A memorial near Re’im, Israel, in September.Credit...Avishag Shaar-Yashuv for The New York Times

It’s been a year since the Hamas-led attacks in Israel on Oct. 7, when officials say 1,200 people were killed and roughly 250 more were kidnapped. Since then, health officials say more than 41,000 Palestinians, many of them civilians and children, have been killed in the subsequent war. The fighting has widened to three fronts, and the path to reaching a cease-fire seems uncertain. To reflect on the past year of war in the Middle East, I spoke to Isabel Kershner, who has been covering Israeli and Palestinian affairs for decades and is based in Jerusalem.

You wrote yesterday about fear overtaking memorial preparations in Israel. Can you describe the mood over the past few days?

The mood in Israel in the run-up to the one-year mark is grim, to say the least. Instead of some sense of closure, the expanding war augurs more difficult days ahead.

Reflecting on the past year, what do you recall?

Soon after the Hamas-led Oct. 7 assault on southern Israel, a seasoned colonel in the military reserves told me that Israel’s counteroffensive against Hamas in Gaza, a narrow coastal strip, would take at least a year, or two, or three.

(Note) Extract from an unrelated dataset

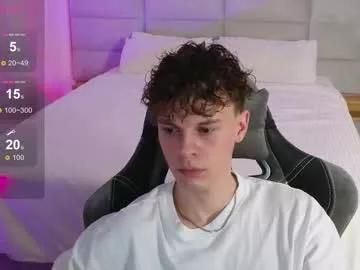 Freechat cute_thomas on Chaturbate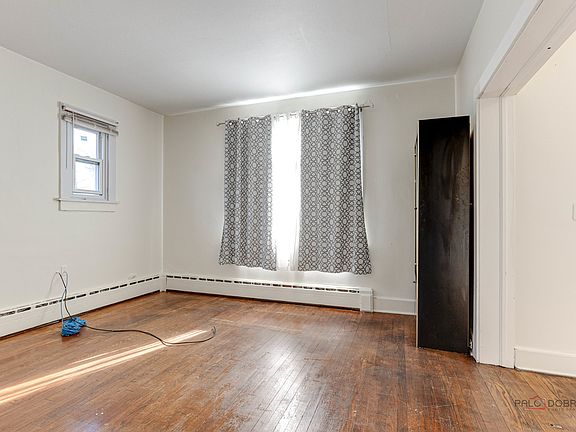 5th image of 569 Skokie Ave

At the time, I found that hard to believe. A year on, that long war has broadened and intensified on several other fronts, with no end in sight, only a bottomless pit of suffering.

Any distraction in life or work feels frivolous or inappropriate. In a region engulfed in so much grief, loss and yearning, there is no room for celebrations. Birthdays are marked, religious festivals observed. Any personal pain is relative, always measured against the vast scale of the anguish of others.